Je rapproche souvent mon entrée dans le féminisme à l’allégorie de la caverne de Platon. Tout d’un coup, votre regard se porte sur une réalité qui était là, sous vos yeux, mais que vous ne voyiez pas. Ça éblouit au départ, donc c’est un peu dérangeant, ça bouscule. Puis c’est un combat tellement émancipateur et clé, que vous ne lâchez plus : au boulot et dans l’associatif, avec Osez le féminisme et l’Assemblée des femmes.

Je me dis spontanément féministe aujourd’hui. Ce n’est pas un combat catégoriel, mais de société. Pour moi il y a une transcendance au féminisme : son humanisme. J’ai conscience qu’en l’état actuel des choses, ma qualité d’homme, l’éducation que j’ai reçue, et la société patriarcale dans laquelle nous continuons de vivre, font de moi un privilégié.

Quelle action menez-vous actuellement ou allez-vous mener prochainement en faveur d’une plus grande égalité entre les hommes et les femmes ?

Je travaille avec beaucoup d’autres à mettre la question des droits des femmes et de l’égalité femmes/hommes dans les priorités débattues lors de la présidentielle. C’est crucial si l’on veut redresser et changer la France. Osez le féminisme s’apprête à lancer sa campagne d’interpellation des candidats et candidates. Et le 7 mars, se tiendra à l’initiative des Féministes en mouvement, une coordination de plus de 40 associations, une grande soirée d’interpellation.

Sans gommer la relation de domination actuelle et les inégalités, je crois urgent aussi de faire comprendre aux hommes la libération qu’ils ont à conquérir pour ne plus avoir à (sur)jouer les beaufs ou les gars virils. Pour pleurer de bonheur ou de peine sans avoir l’impression d’en être un peu moins « homme ». Pour devenir éducateur de jeunes enfants ou prendre un congé parental sans déclencher clichés et stigmates. Pour croiser les jambes sans se faire traiter de « PD » ou sans susciter les regards réprobateurs dans le métro.

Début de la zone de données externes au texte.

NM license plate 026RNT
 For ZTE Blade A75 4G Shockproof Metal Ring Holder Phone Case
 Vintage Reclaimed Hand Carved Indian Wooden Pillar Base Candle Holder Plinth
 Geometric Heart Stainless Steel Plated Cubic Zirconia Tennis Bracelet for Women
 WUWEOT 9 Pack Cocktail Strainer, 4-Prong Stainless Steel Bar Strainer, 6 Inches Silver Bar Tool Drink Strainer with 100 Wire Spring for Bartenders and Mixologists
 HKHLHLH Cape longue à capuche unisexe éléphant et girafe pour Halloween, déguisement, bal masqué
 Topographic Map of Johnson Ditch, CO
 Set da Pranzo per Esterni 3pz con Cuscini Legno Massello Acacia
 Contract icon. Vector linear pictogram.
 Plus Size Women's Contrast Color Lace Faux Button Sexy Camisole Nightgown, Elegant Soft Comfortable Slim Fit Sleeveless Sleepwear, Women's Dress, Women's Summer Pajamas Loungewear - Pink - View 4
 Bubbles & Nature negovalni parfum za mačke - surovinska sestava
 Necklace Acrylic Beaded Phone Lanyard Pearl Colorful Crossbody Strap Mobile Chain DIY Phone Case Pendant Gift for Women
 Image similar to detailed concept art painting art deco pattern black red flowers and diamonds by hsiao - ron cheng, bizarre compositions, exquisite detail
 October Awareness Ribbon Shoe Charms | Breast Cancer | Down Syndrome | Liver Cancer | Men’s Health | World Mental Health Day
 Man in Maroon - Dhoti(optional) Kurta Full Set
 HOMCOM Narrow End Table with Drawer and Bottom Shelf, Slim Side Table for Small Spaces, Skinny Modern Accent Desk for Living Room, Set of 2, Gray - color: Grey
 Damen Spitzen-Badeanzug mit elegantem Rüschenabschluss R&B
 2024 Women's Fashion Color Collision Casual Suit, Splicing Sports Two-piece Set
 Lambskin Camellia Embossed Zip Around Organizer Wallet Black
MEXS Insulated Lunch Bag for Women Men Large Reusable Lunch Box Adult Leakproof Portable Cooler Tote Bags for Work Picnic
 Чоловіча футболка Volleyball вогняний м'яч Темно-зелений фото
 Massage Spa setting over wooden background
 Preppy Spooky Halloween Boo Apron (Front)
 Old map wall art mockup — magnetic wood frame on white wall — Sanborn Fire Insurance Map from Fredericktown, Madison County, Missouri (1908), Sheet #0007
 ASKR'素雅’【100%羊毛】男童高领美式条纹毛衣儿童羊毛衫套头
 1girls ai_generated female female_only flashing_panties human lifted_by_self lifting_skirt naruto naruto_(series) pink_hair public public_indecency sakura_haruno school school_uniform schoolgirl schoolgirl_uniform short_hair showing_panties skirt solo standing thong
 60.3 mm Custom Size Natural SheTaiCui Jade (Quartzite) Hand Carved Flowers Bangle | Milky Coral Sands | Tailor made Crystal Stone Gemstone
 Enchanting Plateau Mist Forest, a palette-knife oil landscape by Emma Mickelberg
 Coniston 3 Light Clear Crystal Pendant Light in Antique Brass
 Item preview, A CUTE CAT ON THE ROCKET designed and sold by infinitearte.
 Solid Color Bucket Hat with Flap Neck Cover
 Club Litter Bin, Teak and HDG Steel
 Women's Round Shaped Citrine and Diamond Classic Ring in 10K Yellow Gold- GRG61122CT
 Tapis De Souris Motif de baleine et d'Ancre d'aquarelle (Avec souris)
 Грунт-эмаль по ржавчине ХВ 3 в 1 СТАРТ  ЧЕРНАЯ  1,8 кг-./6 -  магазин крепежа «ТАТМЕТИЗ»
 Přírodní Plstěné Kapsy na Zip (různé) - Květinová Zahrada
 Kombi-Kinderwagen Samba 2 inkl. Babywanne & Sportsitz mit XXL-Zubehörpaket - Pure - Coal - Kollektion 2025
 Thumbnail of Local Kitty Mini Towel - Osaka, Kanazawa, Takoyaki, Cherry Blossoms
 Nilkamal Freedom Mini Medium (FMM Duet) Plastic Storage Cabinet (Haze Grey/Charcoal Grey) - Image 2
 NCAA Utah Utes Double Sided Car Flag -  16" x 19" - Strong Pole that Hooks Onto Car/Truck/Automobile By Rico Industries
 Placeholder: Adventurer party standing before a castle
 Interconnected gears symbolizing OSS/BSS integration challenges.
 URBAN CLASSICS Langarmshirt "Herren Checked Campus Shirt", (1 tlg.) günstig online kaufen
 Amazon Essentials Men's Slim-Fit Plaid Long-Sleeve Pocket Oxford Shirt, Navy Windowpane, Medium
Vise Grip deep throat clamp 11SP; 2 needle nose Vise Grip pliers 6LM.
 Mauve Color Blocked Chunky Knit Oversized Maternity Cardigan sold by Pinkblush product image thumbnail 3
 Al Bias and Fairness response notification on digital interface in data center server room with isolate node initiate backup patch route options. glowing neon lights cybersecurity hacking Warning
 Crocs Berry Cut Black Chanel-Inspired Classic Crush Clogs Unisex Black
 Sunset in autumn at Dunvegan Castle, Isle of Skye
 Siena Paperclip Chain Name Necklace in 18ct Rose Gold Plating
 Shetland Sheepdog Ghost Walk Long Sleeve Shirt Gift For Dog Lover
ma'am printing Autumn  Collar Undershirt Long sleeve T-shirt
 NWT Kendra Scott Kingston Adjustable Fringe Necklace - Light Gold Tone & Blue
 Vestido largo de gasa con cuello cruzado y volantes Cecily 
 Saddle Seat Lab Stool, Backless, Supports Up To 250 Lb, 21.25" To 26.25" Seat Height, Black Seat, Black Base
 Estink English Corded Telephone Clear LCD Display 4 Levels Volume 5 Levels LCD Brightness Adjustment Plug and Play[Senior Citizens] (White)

Attaquer le modèle de l’homme viril, fort et puissant autant que celui de la femme jolie, douce et obéissante, est indispensable si l’on veut que l’autre moitié de l’humanité puisse comprendre le système patriarcal et s’engager elle aussi dans la déconstruction de l’ordre sexué. C’est à dire un système basé sur des stéréotypes et des inégalités sexués construits socialement.

C‘est bien un système qui domine et qu’il faut attaquer. Ce ne sont pas tous les hommes qui doivent être culpabilisés parce qu’anatomiquement ils font partie de la classe dominante. Je souhaite que nous disions plus fortement encore que nous voulons une société où le masculin et le féminin n’auront pas autant d’importance qu’aujourd’hui dans l’identité de chacun et chacune. L’exagération de la différence anatomique entre les femmes et les hommes est pour moi la source des inégalités. Il ne faut pas seulement s’attaquer aux symptômes.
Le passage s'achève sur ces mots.